During the decoding process, the bit stream 12 is de-quantized in
the sub-band reconstruction means 26 into sub-band signals. The
sub-band signals are fed to the synthesis filter bank 28, which
synthesizes the audio signal from the sub-band signals and creates
the output signal 14.
[0050] It is in many cases possible to efficiently and with
perceptual accuracy synthesize the high frequency region using only
the low frequency region and a limited amount of additional control
information. Optimally, the coding of the high frequency part only
requires a small number of control parameters. Since the whole
upper part of the spectrum can be synthesized with a small amount
of information, considerable savings can be achieved in the total
bit rate.
[0051] Current coding techniques, such as MP3pro, utilize these
properties in audio signals by introducing an SBR coding scheme in
addition to the psychoacoustic coding. In SBR, the high frequency
region can be generated separately utilizing the coded low
frequency region, as illustrated schematically in FIGS. 4 and
5.
[0052] FIG. 4 illustrates schematically an encoder 4. The encoder 4
comprises low pass filter, filtering means or filtering element 30,
coding means or a coding element 31, an SBR element or means 32, an
envelope extraction means or element 34 and bit stream formatter
means or element 22.
[0053] The low pass filter 30 first defines a cut-off frequency up
to which the input signal 10 is filtered. The effect is illustrated
in FIG. 6a. Only frequencies below the cut-off frequency 36 pass
the filter.
[0054] The coding means or element 31 carry out quantization and
Huffman coding with thirty-two low frequency sub-bands. The low
frequency contents are converted within the coding element or means
31 into the QMF domain. The low frequency contents are transposed
based on the output of coder 31. The transposition is done in SBR
element or means 32. The effect of transposition of the low
frequencies to the high frequencies is illustrated within FIG. 6b.
The transposition is performed blindly such that the low frequency
sub-band samples are just copied into high frequency sub-band
samples.

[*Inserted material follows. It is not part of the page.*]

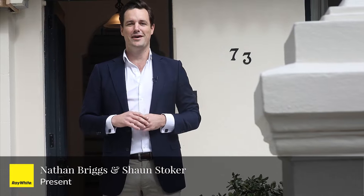Welcome to 73 Watkins Street in Newtown. I'm Nathan Briggs and along with Sean Stoker, we're really excited to show you through this property. Let's take a look.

This is done similarly in every frame of the input signal
and independently of the characteristics of the input signal.
[0055] In the SBR element or means 32, the high frequency sub-bands
can be adjusted based on additional information. This is done to
make particular features of the synthesized high frequency region
more similar with the original one. Additional components, such as
sinusoids or noise, can be added to the high frequency region to
increase the similarity with the original high frequency region.
Finally, the envelope is adjusted in envelope extraction means 34
to follow the envelope of the original high frequency spectrum. The
effect can be seen in FIG. 6c, where the high frequency components
are scaled to be more closely to the actual high frequency
components of the input signal.
[0056] Within bit stream 12 the coded low frequency signal together
with scaling and envelope adjustment parameters is comprised. The
bit stream 12 can be decoded within a decoder as illustrated in
FIG. 5.
[0057] FIG. 5 illustrates a decoder 8 with an unpacking element or
means 24, a low frequency decoder or decoding means 38, high
frequency reconstruction element or means 40, component adjustment
device or means 42, and envelope adjustment element or means 44.
The low frequency sub-bands are reconstructed in the decoder 38.
From the low frequency sub-bands, the high frequency sub-bands are
statically reconstructed within the high frequency reconstruction
element or means 40. Sinusoids can be added and the envelope
adjusted in the component adjustment device or means 42, and the
envelope adjustment element or means 44.
[0058] According to the application, the transposition of low
frequency signal samples into high frequency sub-bands is done
dynamically, e.g. it is checked which low frequency signal sections
match best with a high frequency sub-band. An index to the
corresponding low frequency signal sections is created. This index
is encoded and used within the decoder for constructing the high
frequency sub-bands from the low frequency signal.
[0059] FIG. 7 illustrates a coding system with an encoder 4 and a
decoder 8. The encoder 4 is comprised of a high frequency coder or
coding means 50, a low frequency coder or coding means 52, and bit
stream formatter or formatting means 22. The encoder 4 can be part
of a more complex audio coding scheme. The application can be used
in almost any audio coder in which good quality is aimed for at low
bit rates. For instance the application can be used totally
separated from the actual low bit rate audio coder, e.g. it can be
placed in front of a psychoacoustic coder, e.g. AAC, MPEG, etc.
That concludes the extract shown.